Abu Masyitah, Zahri Nik Adilah Hanin, Amir Amiza, Ismail Muhammad Izham, Yaakub Azhany, Anwar Said Amirul, Ahmad Muhammad Imran
Center of Excellence for Advanced Computing, Faculty of Electronic Engineering Technology, Universiti Malaysia Perlis, Kangar 01000, Malaysia.
Institute of Engineering Mathematics, Faculty of Applied and Human Sciences, Universiti Malaysia Perlis, Arau 02600, Malaysia.
Diagnostics (Basel). 2022 May 18;12(5):1258. doi: 10.3390/diagnostics12051258.

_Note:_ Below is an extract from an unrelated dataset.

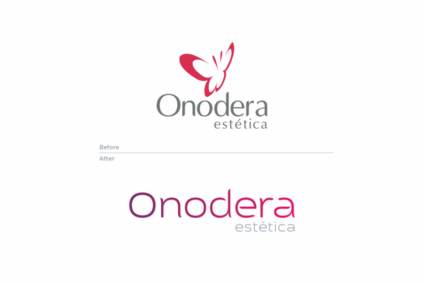 Onodera faz ação em prol da Instituição Cristã Amor ao Próximo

Numerous research have demonstrated that Convolutional Neural Network (CNN) models are capable of classifying visual field (VF) defects with great accuracy. In this study, we evaluated the performance of different pre-trained models (VGG-Net, MobileNet, ResNet, and DenseNet) in classifying VF defects and produced a comprehensive comparative analysis to compare the performance of different CNN models before and after hyperparameter tuning and fine-tuning. Using 32 batch sizes, 50 epochs, and ADAM as the optimizer to optimize weight, bias, and learning rate, VGG-16 obtained the highest accuracy of 97.63 percent, according to experimental findings. Subsequently, Bayesian optimization was utilized to execute automated hyperparameter tuning and automated fine-tuning layers of the pre-trained models to determine the optimal hyperparameter and fine-tuning layer for classifying many VF defect with the highest accuracy. We found that the combination of different hyperparameters and fine-tuning of the pre-trained models significantly impact the performance of deep learning models for this classification task. In addition, we also discovered that the automated selection of optimal hyperparameters and fine-tuning by Bayesian has significantly enhanced the performance of the pre-trained models. The results observed the best performance for the DenseNet-121 model with a validation accuracy of 98.46% and a test accuracy of 99.57% for the tested datasets.
大量研究表明,卷积神经网络(CNN)模型能够高精度地对视野(VF)缺陷进行分类。在本研究中,我们评估了不同预训练模型(VGG-Net、MobileNet、ResNet和DenseNet)在分类VF缺陷方面的性能,并进行了全面的比较分析,以比较不同CNN模型在超参数调整和微调前后的性能。根据实验结果,使用32的批量大小、50个轮次,并以ADAM作为优化器来优化权重、偏差和学习率,VGG-16获得了97.63%的最高准确率。随后,利用贝叶斯优化对预训练模型执行自动超参数调整和自动微调层,以确定用于以最高准确率对多种VF缺陷进行分类的最优超参数和微调层。我们发现,不同超参数的组合以及预训练模型的微调对深度学习模型在此分类任务中的性能有显著影响。此外,我们还发现,通过贝叶斯自动选择最优超参数和进行微调显著提高了预训练模型的性能。对于测试数据集,DenseNet-121模型表现出最佳性能,验证准确率为98.46%,测试准确率为99.57%。